• Activity: Print the listing as it stands, omitting all images.

• Data provided:
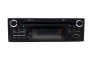 Radio Cd Mp3 Player BT USB Dacia 281155052R AGC-1220RF 0km 6132
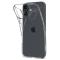Spigen Spigen iPhone 16 Plus Skal Liquid Crystal Clear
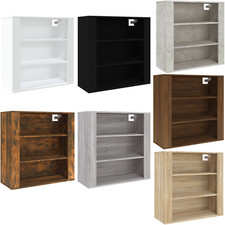 Moderner Wandschrank Home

• Result of this exercise:
 Radio Cd Mp3 Player BT USB Dacia 281155052R AGC-1220RF 0km 6132
Spigen Spigen iPhone 16 Plus Skal Liquid Crystal Clear
 Moderner Wandschrank Home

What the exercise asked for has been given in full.